10/25(水) 掛川->金谷->掛川・晴

 ピーカン晴れの中,高校への出張講義へ行く。入試広報課のKさんの運転に同乗。今日は他にも二つ出張講義の要望があったそうで,ワシ以外にも同じ学科のK先生と,別学科の先生も県内の別の高校へお出かけらしい。
 近頃はどこの高校も大学からの営業活動に悩まされているようで,あの内田先生すらけんもほろろの対応をされているようである。ましてやワシのような木っ端教師は人間扱いされなくて当然である。そんなご時世であるから,先方からおいで下さいという要望は是が非でも引き受けねばならないのである。
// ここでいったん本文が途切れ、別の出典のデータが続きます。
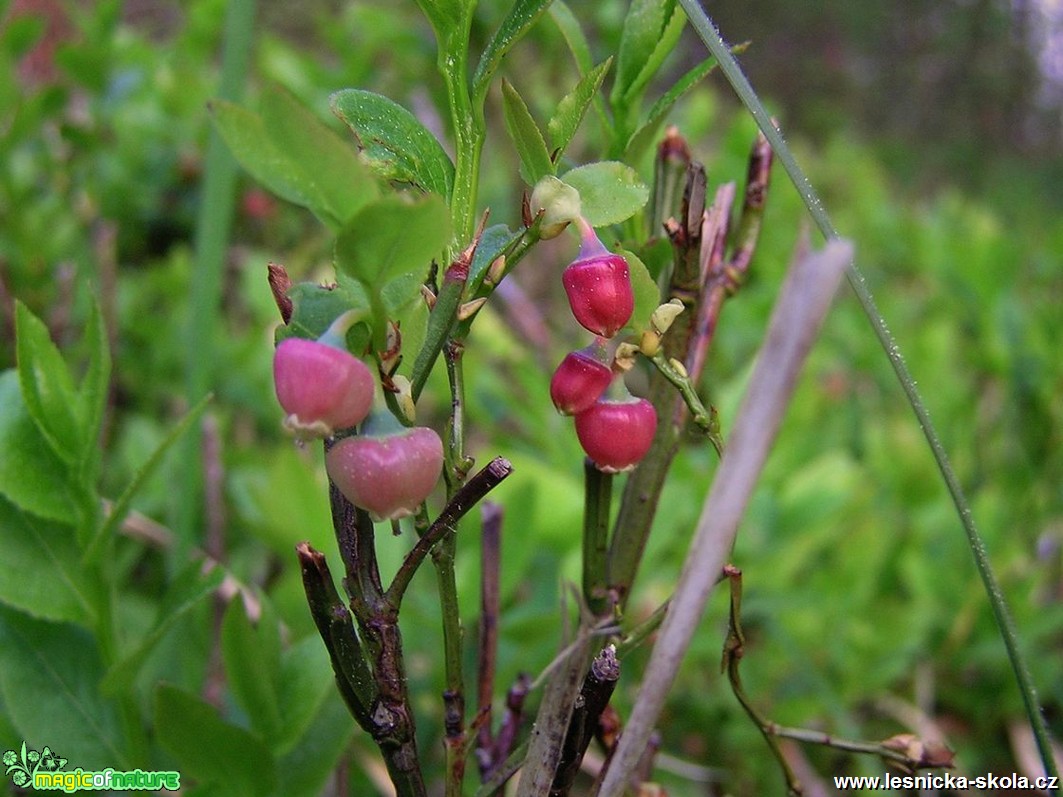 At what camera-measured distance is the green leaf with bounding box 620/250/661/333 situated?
406 millimetres

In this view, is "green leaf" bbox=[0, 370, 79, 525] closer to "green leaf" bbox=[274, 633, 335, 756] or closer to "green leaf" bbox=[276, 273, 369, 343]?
"green leaf" bbox=[274, 633, 335, 756]

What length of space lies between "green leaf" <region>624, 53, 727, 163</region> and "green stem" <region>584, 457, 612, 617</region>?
0.54ft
 で,引き受けたのは結局みんな講師以下の若手(三十路以下は若手と呼ばれてしまう世界なのである)だったりする。それもあって,車中は××の悪口をKさん相手にぶちまけて鬱憤を晴らすことになった。あーすっきり。ちなみに××とは「クソオヤジ」とルビを振ることになっておりまする。
 講演の方は,予定していた話題を喋りきれず,最後はドタバタで終わってしまって失敗。しかしまあアルゴリズムの話を実演とビデオを交えて紹介できたから,よしとしよう(と言い訳)。教師芸人論を最初に唱えたのは森毅であったが,ワシはまだまだ芸人になりきれていない。精進あるのみである。生徒諸君には真面目に聞いてくれていたが,果たして満足して頂いたかどうかは不明。どーもお邪魔致しました。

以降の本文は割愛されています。